Douglas K. Wilson, Colorado State Public Defender, Mark Evans, Deputy State Public Defender, Denver, Colorado, for Defendant–Appellant.
Opinion
Opinion by JUDGE WEBB
¶ 1 A jury convicted Deanna Lynn Frye of multiple charges arising from drugs found on her person when she was booked into the Jefferson County jail, following her arrest on outstanding warrants for unrelated offenses. Frye seeks a new trial, contending the trial court erred in refusing to suppress her statement made at the jail before having been advised of her right to remain silent that she did not possess any drugs and in responding to a jury question that during a traffic stop, police officers may ask passengers for identification.

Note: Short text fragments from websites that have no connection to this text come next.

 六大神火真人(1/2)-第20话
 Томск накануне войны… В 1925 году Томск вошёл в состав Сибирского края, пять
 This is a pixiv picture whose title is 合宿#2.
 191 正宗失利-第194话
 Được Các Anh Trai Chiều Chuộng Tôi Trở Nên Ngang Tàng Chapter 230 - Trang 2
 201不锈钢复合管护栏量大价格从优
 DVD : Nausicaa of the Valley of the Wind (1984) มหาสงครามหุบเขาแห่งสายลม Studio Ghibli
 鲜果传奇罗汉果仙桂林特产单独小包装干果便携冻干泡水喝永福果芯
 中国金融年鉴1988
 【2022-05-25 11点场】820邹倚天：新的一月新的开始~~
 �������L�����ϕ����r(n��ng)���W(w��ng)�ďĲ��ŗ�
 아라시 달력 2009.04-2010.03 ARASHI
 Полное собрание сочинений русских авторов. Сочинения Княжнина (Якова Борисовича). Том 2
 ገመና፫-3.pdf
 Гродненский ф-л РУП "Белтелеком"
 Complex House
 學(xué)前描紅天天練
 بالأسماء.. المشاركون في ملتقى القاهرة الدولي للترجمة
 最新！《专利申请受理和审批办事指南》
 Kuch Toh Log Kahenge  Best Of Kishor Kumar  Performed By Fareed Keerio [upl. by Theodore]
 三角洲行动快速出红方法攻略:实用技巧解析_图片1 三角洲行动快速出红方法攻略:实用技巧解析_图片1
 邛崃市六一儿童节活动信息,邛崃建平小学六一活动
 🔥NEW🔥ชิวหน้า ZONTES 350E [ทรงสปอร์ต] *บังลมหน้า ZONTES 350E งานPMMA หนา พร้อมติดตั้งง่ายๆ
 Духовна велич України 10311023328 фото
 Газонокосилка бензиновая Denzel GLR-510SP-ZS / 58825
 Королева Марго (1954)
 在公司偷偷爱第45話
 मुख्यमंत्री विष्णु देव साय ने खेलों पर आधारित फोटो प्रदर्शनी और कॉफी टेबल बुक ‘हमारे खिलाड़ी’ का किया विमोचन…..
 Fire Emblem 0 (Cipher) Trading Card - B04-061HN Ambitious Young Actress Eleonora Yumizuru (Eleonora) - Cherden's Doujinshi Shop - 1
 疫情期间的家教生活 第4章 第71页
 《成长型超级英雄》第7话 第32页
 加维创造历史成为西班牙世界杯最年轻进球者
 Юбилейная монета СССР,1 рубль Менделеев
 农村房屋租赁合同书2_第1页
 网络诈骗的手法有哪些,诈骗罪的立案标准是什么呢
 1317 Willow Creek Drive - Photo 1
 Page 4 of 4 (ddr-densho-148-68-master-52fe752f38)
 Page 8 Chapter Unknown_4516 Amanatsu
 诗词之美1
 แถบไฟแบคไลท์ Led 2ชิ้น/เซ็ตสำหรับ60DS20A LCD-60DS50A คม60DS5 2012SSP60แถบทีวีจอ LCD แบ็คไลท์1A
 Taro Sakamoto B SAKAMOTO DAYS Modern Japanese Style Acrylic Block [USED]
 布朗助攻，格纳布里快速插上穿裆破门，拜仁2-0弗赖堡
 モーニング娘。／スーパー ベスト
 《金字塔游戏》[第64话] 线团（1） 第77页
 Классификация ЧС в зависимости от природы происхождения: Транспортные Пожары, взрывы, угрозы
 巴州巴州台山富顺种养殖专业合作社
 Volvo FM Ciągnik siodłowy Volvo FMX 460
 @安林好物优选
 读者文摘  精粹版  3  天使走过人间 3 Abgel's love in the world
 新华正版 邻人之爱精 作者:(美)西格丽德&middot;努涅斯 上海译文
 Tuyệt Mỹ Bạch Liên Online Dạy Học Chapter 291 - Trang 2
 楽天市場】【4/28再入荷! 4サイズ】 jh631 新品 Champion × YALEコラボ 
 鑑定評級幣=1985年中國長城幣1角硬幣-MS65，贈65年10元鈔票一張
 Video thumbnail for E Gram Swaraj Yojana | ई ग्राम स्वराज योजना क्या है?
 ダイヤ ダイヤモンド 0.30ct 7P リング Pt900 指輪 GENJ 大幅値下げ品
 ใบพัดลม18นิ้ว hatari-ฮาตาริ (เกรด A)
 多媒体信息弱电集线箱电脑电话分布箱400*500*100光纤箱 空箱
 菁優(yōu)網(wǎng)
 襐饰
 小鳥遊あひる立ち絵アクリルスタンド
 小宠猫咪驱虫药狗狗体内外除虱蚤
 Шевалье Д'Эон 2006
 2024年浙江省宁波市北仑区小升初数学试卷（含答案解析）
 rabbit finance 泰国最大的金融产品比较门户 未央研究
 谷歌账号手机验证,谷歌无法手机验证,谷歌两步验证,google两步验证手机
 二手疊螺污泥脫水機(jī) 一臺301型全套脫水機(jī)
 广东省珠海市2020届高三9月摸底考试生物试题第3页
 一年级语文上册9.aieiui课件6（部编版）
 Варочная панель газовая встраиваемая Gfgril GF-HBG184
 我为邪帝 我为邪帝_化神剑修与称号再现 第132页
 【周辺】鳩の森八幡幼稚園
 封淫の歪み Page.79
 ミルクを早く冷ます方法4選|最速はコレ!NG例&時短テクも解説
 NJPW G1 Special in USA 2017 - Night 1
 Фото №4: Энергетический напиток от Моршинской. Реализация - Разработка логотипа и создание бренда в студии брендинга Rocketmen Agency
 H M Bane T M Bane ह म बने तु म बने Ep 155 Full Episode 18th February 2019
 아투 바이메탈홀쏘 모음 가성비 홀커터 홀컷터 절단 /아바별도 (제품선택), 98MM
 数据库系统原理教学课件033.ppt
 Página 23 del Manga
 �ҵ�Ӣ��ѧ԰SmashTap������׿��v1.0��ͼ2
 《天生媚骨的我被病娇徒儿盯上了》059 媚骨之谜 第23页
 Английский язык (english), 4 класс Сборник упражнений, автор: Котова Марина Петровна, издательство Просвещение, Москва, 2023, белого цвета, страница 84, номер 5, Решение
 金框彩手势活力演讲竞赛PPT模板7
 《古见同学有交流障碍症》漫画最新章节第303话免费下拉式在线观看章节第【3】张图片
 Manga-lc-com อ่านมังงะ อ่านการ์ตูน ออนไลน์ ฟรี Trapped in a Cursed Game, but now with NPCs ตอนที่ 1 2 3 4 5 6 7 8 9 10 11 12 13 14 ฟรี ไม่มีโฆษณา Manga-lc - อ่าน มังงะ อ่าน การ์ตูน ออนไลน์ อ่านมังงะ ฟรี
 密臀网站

¶ 2 Alternatively, she contends one conviction for introducing contraband into a detention facility must be vacated or merged because she cannot be convicted twice for having introduced two types of drugs at the same time. This contention raises a novel question in Colorado.
¶ 3 We remand to vacate one of the convictions for introducing contraband and otherwise affirm.
I. The Trial Court Erred in Refusing to Suppress Frye's Statement at the Jail
A. Preservation and Standard of Review
¶ 4 Frye preserved this issue by filing a motion to suppress that presented the same argument which she now raises on appeal.
¶ 5 In reviewing a suppression ruling, “[w]e defer to the trial court's factual findings and will not overturn them if they are supported by competent evidence in the record.” People v. Syrie, 101 P.3d 219, 222 (Colo. 2004). But a trial court's legal conclusions “are subject to de novo review.” Id.
¶ 6 “If a statement obtained in violation of Miranda was admitted as part of the prosecution's case-in-chief, over the defendant's objection, reversal is required unless the error was harmless beyond a reasonable doubt.” People v. Vasquez, 155 P.3d 588, 592 (Colo. App. 2006).
B. Background
¶ 7 The facts material to the suppression ruling are undisputed. At the suppression hearing, the officer who arrested Frye and transported her to the jail testified:
before we pass them on to the Jeffco deputies there's a sign outside before you put them in the holding cell that clearly states, if you take any of these items in, you'll be charged with a felony, and I asked her to read it. And I asked her if she had any of those things on her. And Ms. Frye said, I told you a million times, I don't have any of those items on me.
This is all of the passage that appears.